The board decision concludes a yearlong public hearing process plagued by parental protests over the history question as well as opposition to Common Core social studies and science standards.
As part of that process, numerous history processors from virtually all of the state’s large universities sent a letter to the school board explaining why they believe that not requiring students to learn early American history will be a serious problem, both for higher education and the state in general.
“Incoming freshmen arrive unprepared for history because they aren’t learning early American history at the high school level, according to the letter, which was signed by instructors from (Dakota State University,) University of South Dakota, South Dakota State University, Northern State University, Augustana College, Presentation College, the University of Sioux Falls and Black Hills State University,” the Argus Leader reports.
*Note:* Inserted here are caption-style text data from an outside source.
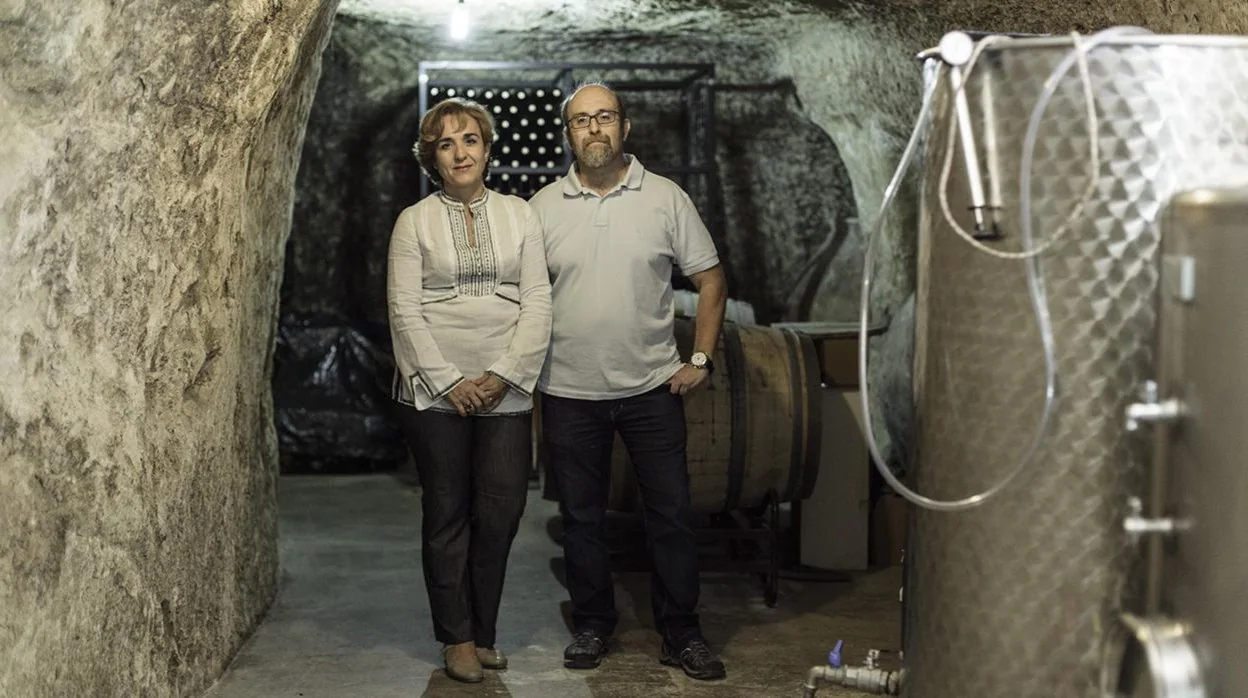 José Manuel Vieco y Maribel Fernández, responsables de Vinos Artesanos Altomira, en Mazarulleque (Cuenca)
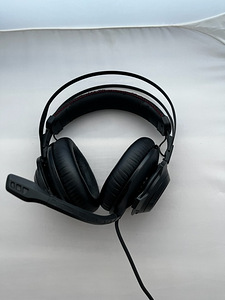 HyperX Cloud Revolver (2 foto / 6)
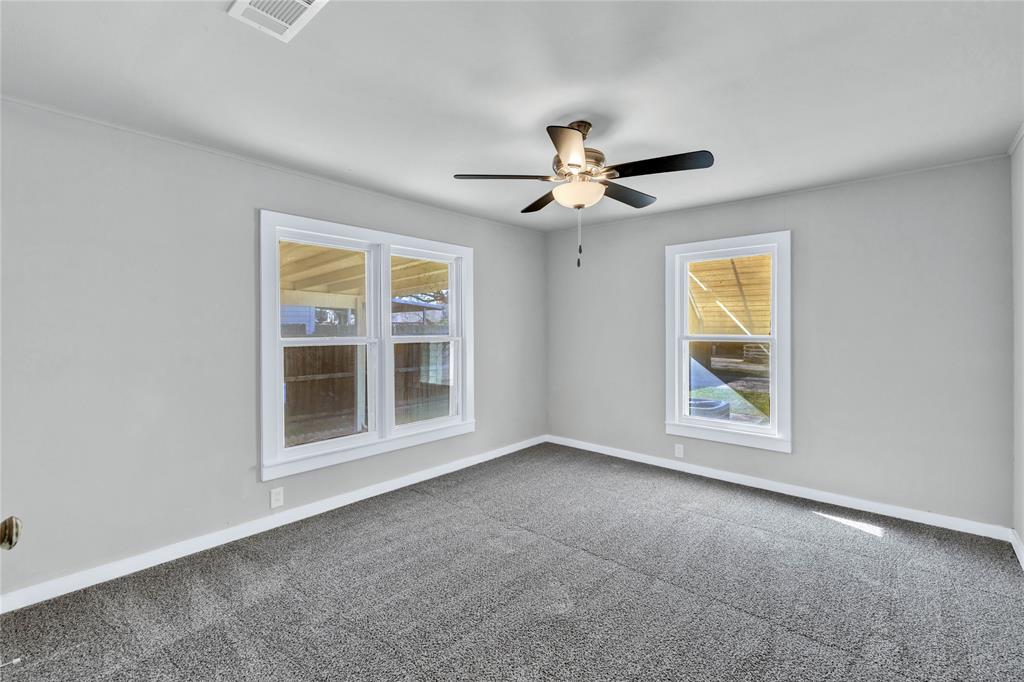 Ennis-Dvv - Residential Lease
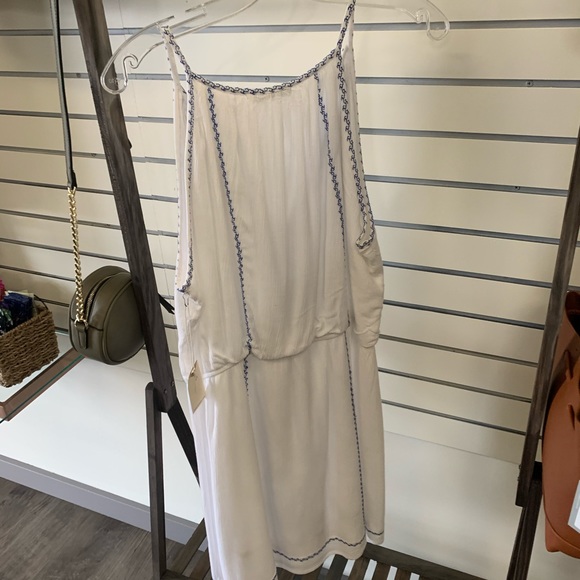 summer dress - Picture 2 of 2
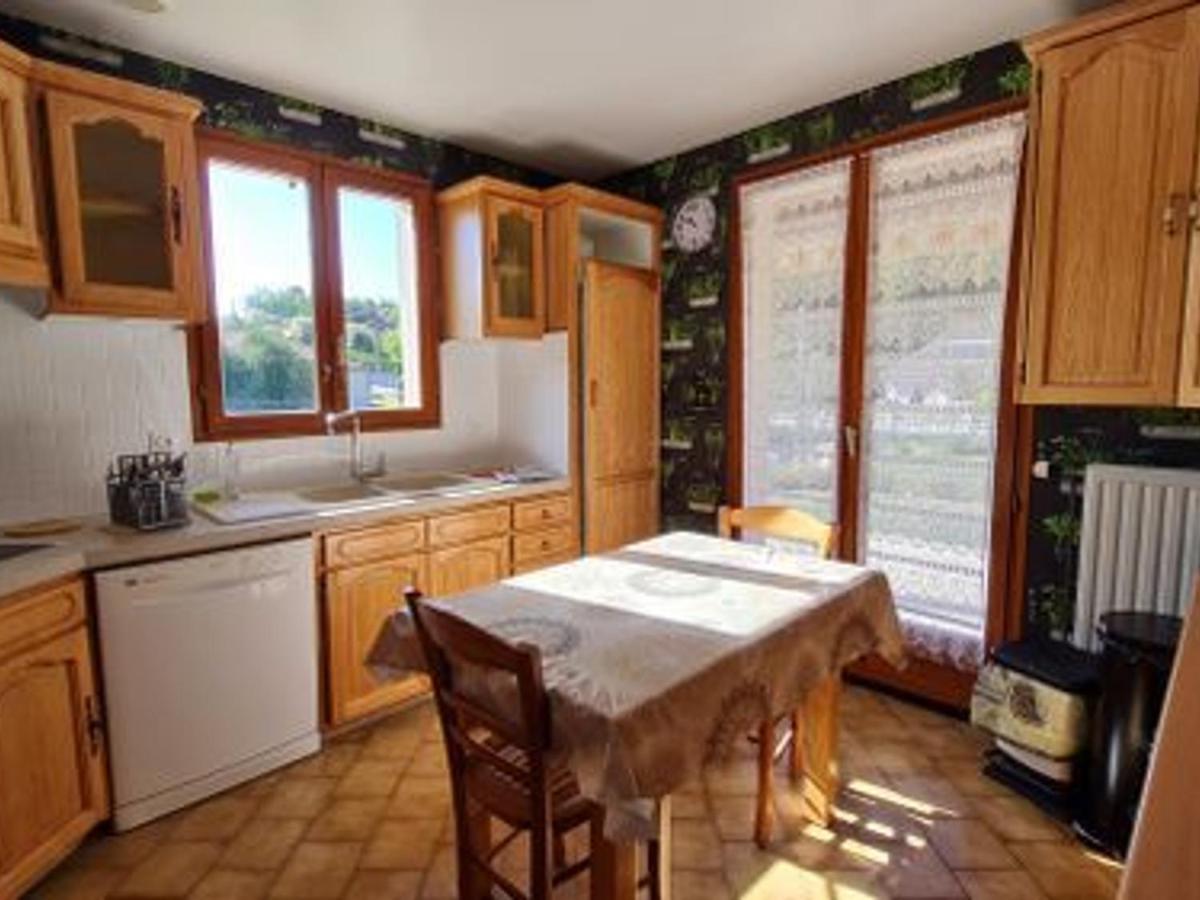 Chalet rénové avec jardin, terrasse, équipement fitness et proche centre-ville - FR-1-585-88 - Housity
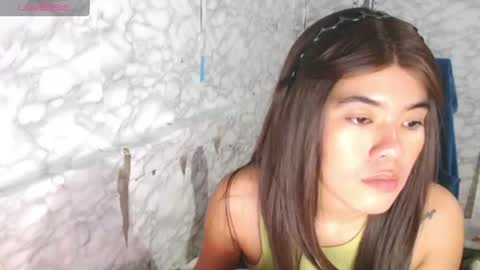 Snapshot of yoursweet_asian20 chatting on 06-23-26, 05:49 Maddie online show from 06-23-26, 05:49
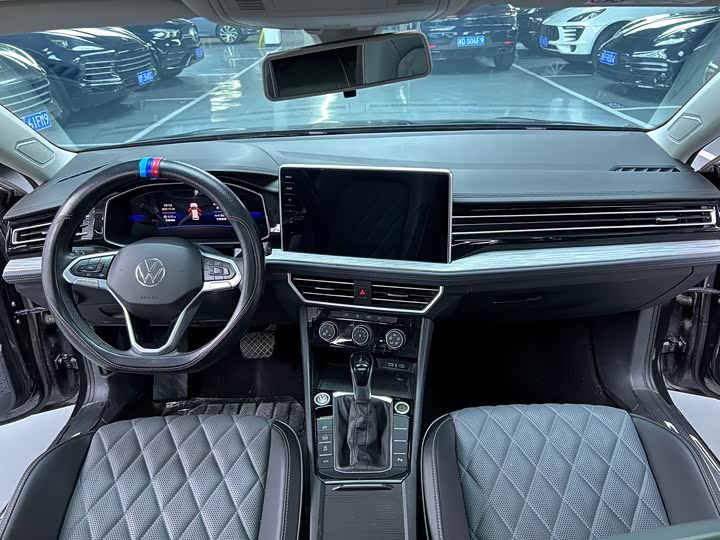 Фото 6 - Volkswagen Sagitar L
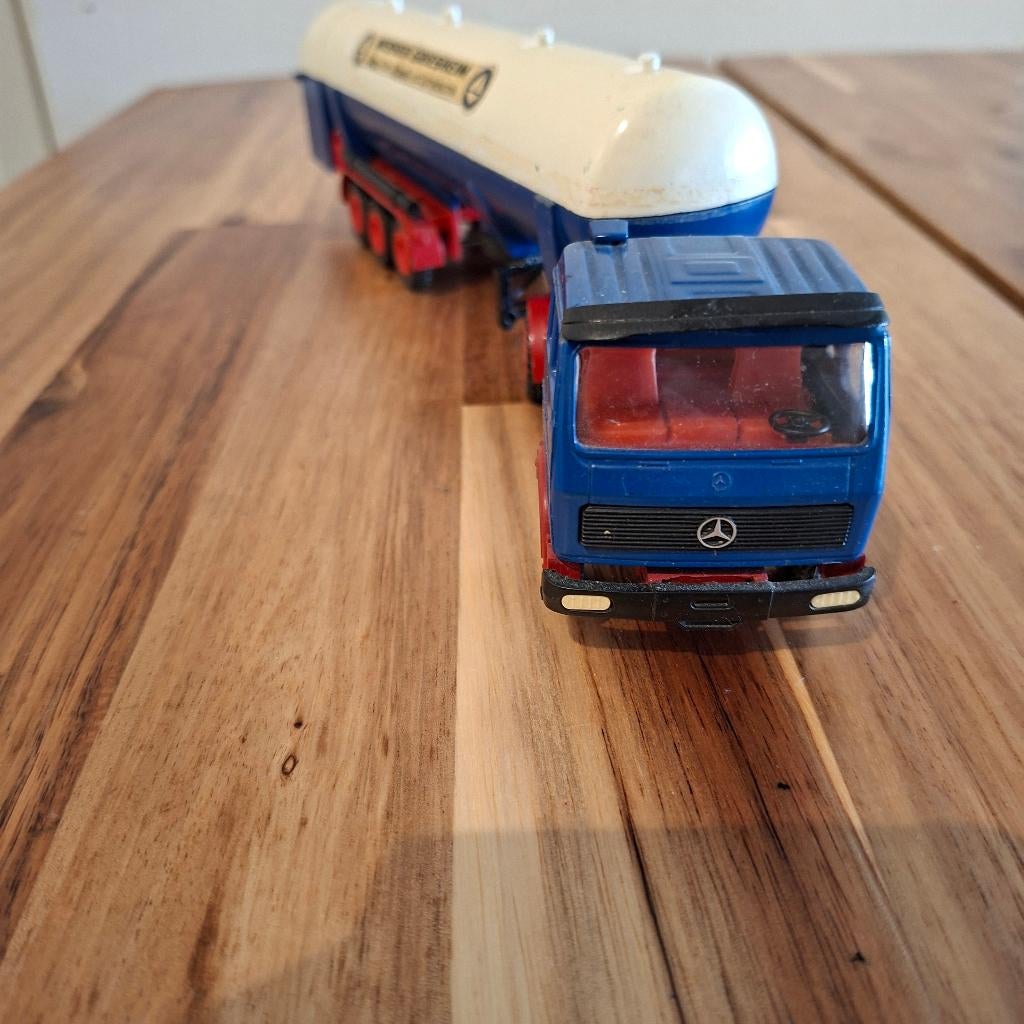 MESSER GRIESHEIM MERCEDES BENZ + TTR /LOSSE TTR & GASTANK ., Verzenden, Zo goed als nieuw, Bus of Vrachtwagen, Conrad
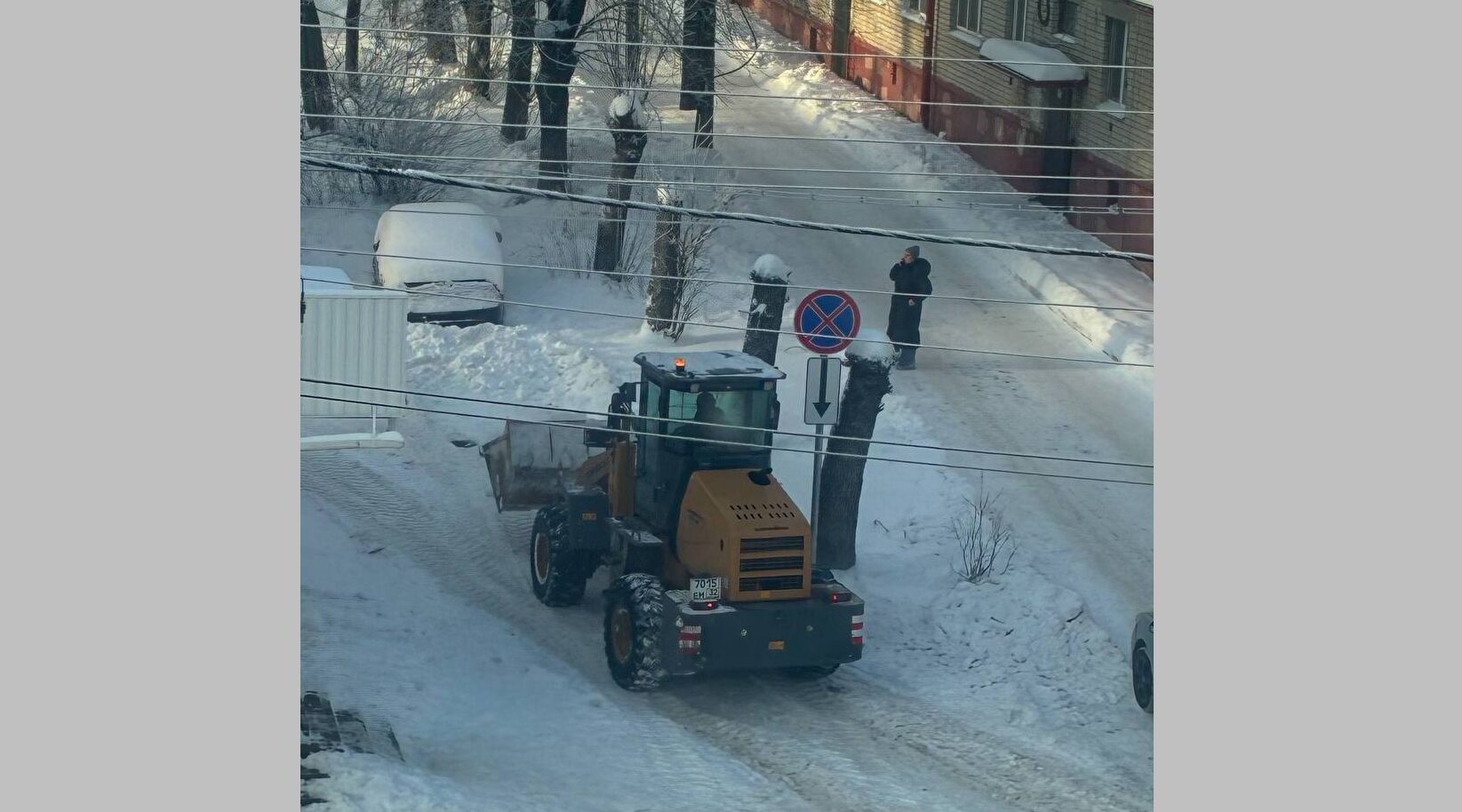 Брянск борется со снегом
“And the problem isn’t just a matter of college freshmen being ready to discuss Thomas Paine at a university level. A sound understanding of history and civics can help them when they’re in the voting booth, watching the news and making life decisions,” according to Dakota State University dean Ben Jones.
“It’s disabling their citizenship,” he said.
Harrisburg School District Secondary Curriculum Director Michael Amolins seems to agree.
“I think progress helps our students prepare for the 21st Century. So rather than just having them memorize a list of historical events on a time line, we’re trying to get them to use that information in context so that when they’re looking at current events they can make good informed decisions as citizens and voters,” he told KSFY.
Augustana history professor Michael Mullin told the site “history really isn’t about yesterday.
“History is really about understanding today. And I think they forgot that,” he said of the decision to make early American history optional. “They just want to think about today but without a context.”
The Argus Leader’s editorial board also chastised state board members for their vote, and urged them to “step back and take another look at this.”
From the news site’s Saturday editorial:
Ben Jones, dean and associate professor of history at Dakota State University, has said he and his colleagues are “astounded by the level of ignorance” of U.S. history that they see in freshmen.
But there are other important reasons to teach high school students about our nation’s early history.
Constitutional topics are common in today’s political debate and students without a solid understanding and who do not have the appropriate level of context for these discussions are at a disadvantage. As citizens, we need to understand our rights and duties as well as appreciate how they came to be.
The Constitution is referenced in nearly every important election campaign. The separation of church and state, religious and press freedoms, the 2nd Amendment and gun rights are all popular political topics of our time. But without an understanding and appreciation of the early debates on these matters, young citizens are not able to accurately assess Constitutional protections and threats. Rhetoric and misinformation can easily fill the void.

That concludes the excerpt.